Challenges & Criticism
- •Yield gaps persist due to limited adoption of improved varieties.
- •Market volatility continues due to weak procurement & storage systems.
- •Rainfed vulnerability makes crops climate-sensitive.
- •Limited mechanisation in small landholdings increases labour costs.
- •Import reliance continues for pulses like tur & urad.
Future Outlook
- •Target to add 2.85 MT from rice fallow expansion.
- •Rapid scaling of summer pulses and micro-irrigation systems.
- •Biofortified and climate-resilient pulse varieties mainstreamed.
- •Digital procurement, soil health monitoring, and AI-based crop advisories.
- •Pulse processing clusters & D2C farmer value chains via FPOs.
UPSC Relevance
- • GS-3: Food security, agricultural productivity, cropping patterns, MSP procurement system, climate-smart agriculture
- • Essay: Food sovereignty, nutrition security, sustainable agriculture
- • Agriculture Optional: Pulses agronomy, pulses economics, cropping diversification
Sample Questions
Prelims
With reference to pulses production in India, consider the following statements: 1) India is both the largest producer and importer of pulses. 2) Rabi pulses contribute a greater share in total pulses production than Kharif pulses. 3) Gujarat has the highest productivity of pulses in India. Which of the statements given above are correct?
A. 1 and 2 only
B. 1, 2 and 3
C. 2 and 3 only
D. 1 and 3 only
Answer: Option B
Explanation: All statements correct — India leads globally but imports 4–5 MT; rabi pulses dominate production; Gujarat highest yield.
Mains
Discuss the significance of self-sufficiency in pulses for India's food and nutritional security. Examine measures required to improve productivity and market efficiency in the pulses sector.
Introduction:
Pulses are essential for India’s nutrition security, soil health, rural livelihoods, and import reduction. Despite being the largest producer, India remains dependent on imports due to yield gaps and production volatility. Achieving Atmanirbharta requires systemic reforms.
Body:
• Importance: Protein security, climate resilience, nitrogen fixation, reduced import bill, farmer income support.
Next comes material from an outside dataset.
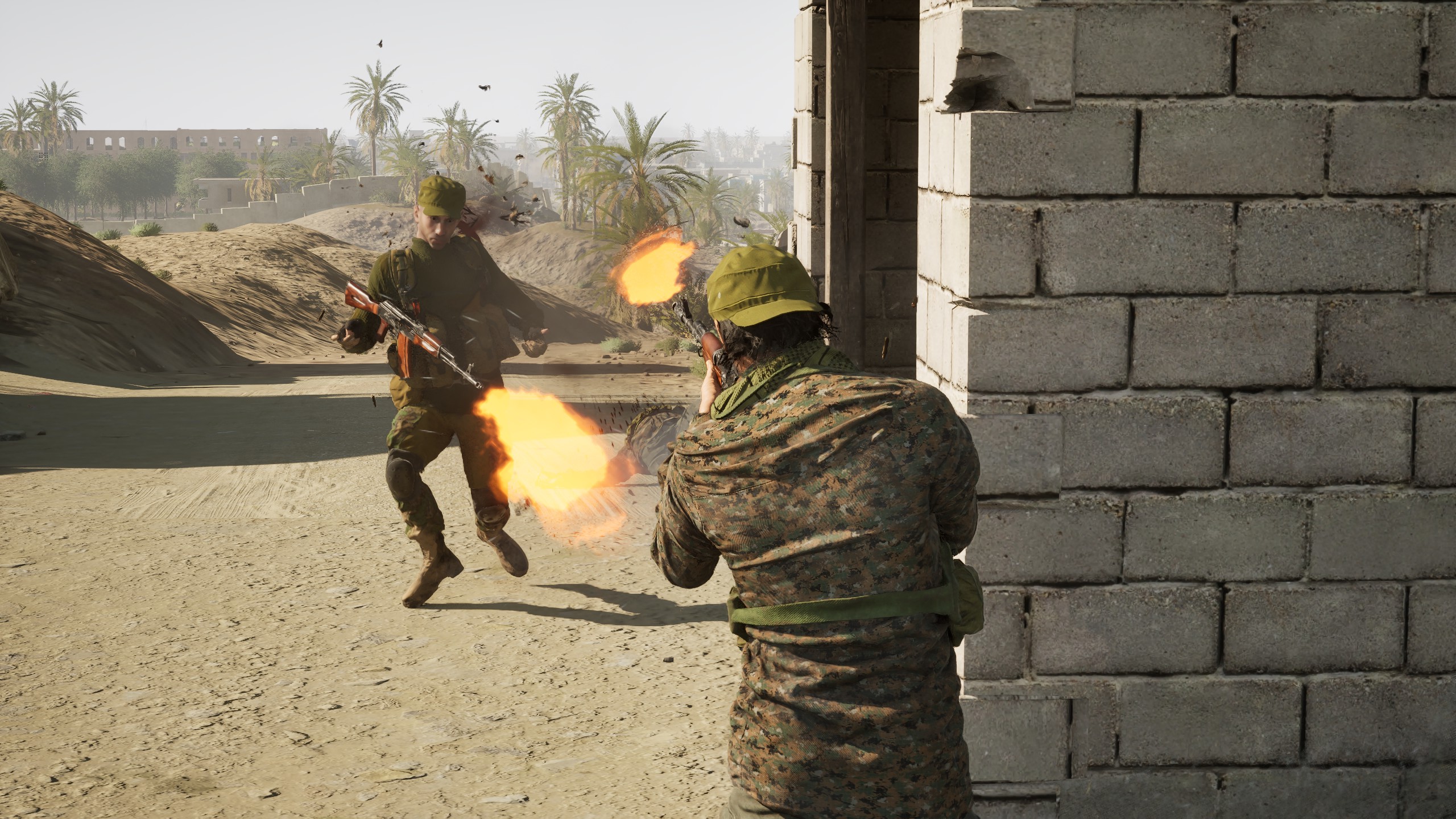 Soldier firing around a corner in close quarters combat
• Challenges: Rainfed cultivation, pest/disease risks, limited mechanisation, poor procurement, price volatility, post-harvest losses.
• Measures Needed: Seed improvement, area expansion in rice fallows, FPO-value chains, MSP strengthening, digital advisory services, climate-smart irrigation, biofortified varieties, enhanced R&D.
• Institutional Support: NFSM-Pulses, TRFA, ICAR-KVK digitisation, PM-AASHA procurement reforms, storage expansion.
Conclusion:
India’s path to pulses self-sufficiency lies in productivity-led growth, climate-smart innovation, market reforms, and strong farmer institutions. The strategy aligns with SDGs and Atmanirbhar Bharat, ensuring nutrition and rural prosperity.